Там меня потрясла ее женская беспощадность по отношению к самой себе, при взгляде на себя в зеркало. То, что она считала себя "гадким утенком", который так и не превратился в красивого лебедя, то, что она считала себя некрасивой и ненавидела свою внешнюю "оболочку", ненавидела свое "отраженье" в зеркале. Ни одна поэтесса в мире не сказала бы про саму себя в стихах, что она некрасивая и что она ненавидит свою оболочку, свою внешность. Даже самая страхолюдная поэтесса будет говорить про саму себя в стихах, какая она красивая и неотразимая и как она нравится всем, особенно мужской половине человечества. А Татьяна Бек не боится называть себя некрасивой, хотя талантливый человек не может быть некрасивым, в нем - в каждом - есть что-то такое, что "красоты прекрасней", по Баратынскому, и это есть в Татьяне Бек. Один художник сказал мне, что кукольная красота - неинтересна для художника. У Татьяны Бек - не кукольная красота, а поэтическая. Как и у Цветаевой и у Ахматовой. И это великолепно передал Владимир Войнович на дадаистском портрете Татьяны Бек, который он нарисовал. Но еще лучше это передала она сама в своей поэзии.

Беспощадность к себе у нее сохранилась во всех ее книгах и даже обострилась. Кто еще в поэзии - тем более из женщин! - может сказать о себе так (несправедливо по отношению к себе), как Татьяна Бек? - "Мое лицо - почти увечное" или: "Я - старичье отечественной марки"? - Никто, только она.

Мне нравится манера Татьяны Бек - своей антиманерностью и антиснобизмом.
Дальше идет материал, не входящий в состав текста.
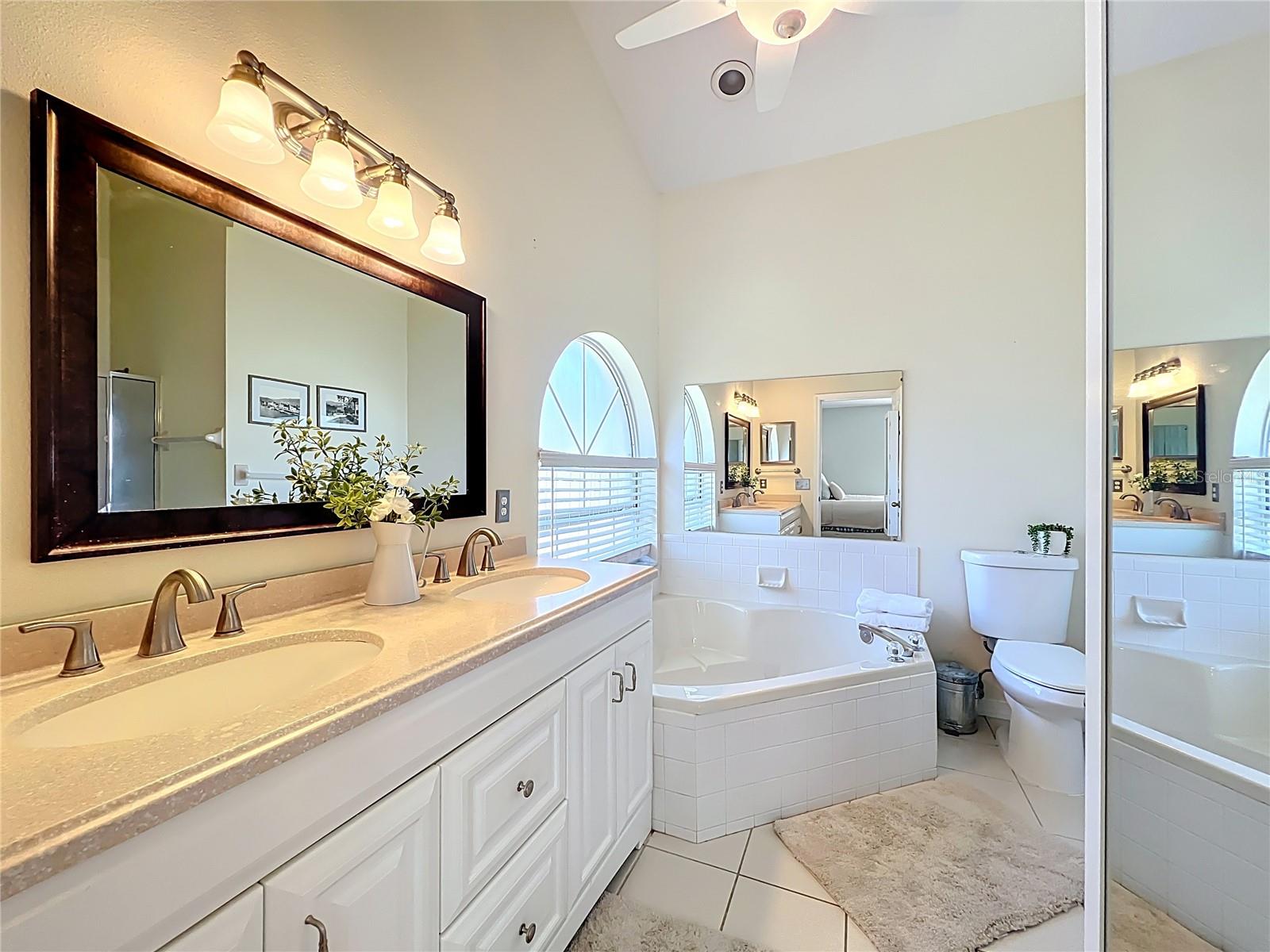 Image 17 of 38 For 12204 Wedgefield Drive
Татьяна Бек стала для меня самой любимой поэтессой из моего поколения. В ее поэзии есть, с одной стороны, цветаевская порывистость, взрывоопасность эмоций, незарегулированная страстность и авангардность, а с другой стороны, ахматовская лиричность, утонченность, гармоничность, камерность и классичность. Но в то же время все у нее в поэзии - свое, татьянобековское, и даже цветаевские и ахматовские эпиграфы в стихах, и даже ахматовская шаль на ее "баскетбольных плечах". А ко всему этому у нее есть высокое мастерство поэта. Она владеет такой тайной ремесла, которой мало кто из стихотворцев владеет.
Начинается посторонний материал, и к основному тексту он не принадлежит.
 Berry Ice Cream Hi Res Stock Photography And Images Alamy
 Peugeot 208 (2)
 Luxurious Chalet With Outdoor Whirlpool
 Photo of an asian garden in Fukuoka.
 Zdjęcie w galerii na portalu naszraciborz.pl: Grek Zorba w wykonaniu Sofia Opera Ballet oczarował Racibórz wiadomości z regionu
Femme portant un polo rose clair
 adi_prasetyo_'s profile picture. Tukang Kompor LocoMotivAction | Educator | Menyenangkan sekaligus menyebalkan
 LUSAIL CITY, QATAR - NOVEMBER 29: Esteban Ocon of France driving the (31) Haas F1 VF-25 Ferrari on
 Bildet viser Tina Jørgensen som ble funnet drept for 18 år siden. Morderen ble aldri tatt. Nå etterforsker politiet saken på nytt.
Мне нравится эстетика ее поэзии, эстетика антиэстетства. Татьяну Бек как поэта привлекают "задворки", "позабытые богом свалки", "не журавли, а дрянные галки", "улицы те, которые кривы", "лица, которые некрасивы" и "колченогие табуретки". Она как волшебница, как фея, как иллюзианист Коперфилд, то есть как поэт, наделяет красотой пространство и "всякие несовершентсва эти"... И в этом и есть главное отличие поэта от непоэта, в том, что он видит красоту там, где ее никто не видит, и в том, что он способен превращать в своих стихах некрасоту мира, людей и предметов в красоту и открывать людям глаза на эту красоту: "Вдоль помойки цветут незабудки...", "Поставим васильки в граненые стаканы...", "Мой ангел был мертвецки пьян", "Лирический поэт лежит в канаве // И только небо видит над собой".
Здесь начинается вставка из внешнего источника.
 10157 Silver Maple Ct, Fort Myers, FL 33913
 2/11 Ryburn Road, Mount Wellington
В 1979 году, когда я уже отучилась в Литературном институте и вернулась к себе в Рязань, я выступала с Татьяной Бек от журнала "Юность" в Каминном зале Центрального Дома работников искусств, вместе с другими поэтами, на вечере молодых, который вел Андрей Дементьев. Я смотрела на нее как на московскую звезду первой величины и стеснялась приблизиться к ней. Мне казалось, что она совсем из иного мира, чем я, из мира богов Олимпа, что так и было. Тогда мы познакомились с ней шапочно. А в 1986 году судьба свела нас с ней на Фатьяновском празднике во владимирском городке Вязники, и там мы познакомились с ней уже не шапочно. И много общались с ней. И мне было на удивление легко общаться с ней, как будто мы были подругами детства и росли в одном дворе и играли в одни и те же куклы. Потом мы переписывались. То есть иногда перебрасывались открытками и письмами и стихами и посылали друг другу свои книги. А когда я в 1992 году переехала жить в Москву, она стала приглашать меня на все свои авторские вечера... а я ее на свои.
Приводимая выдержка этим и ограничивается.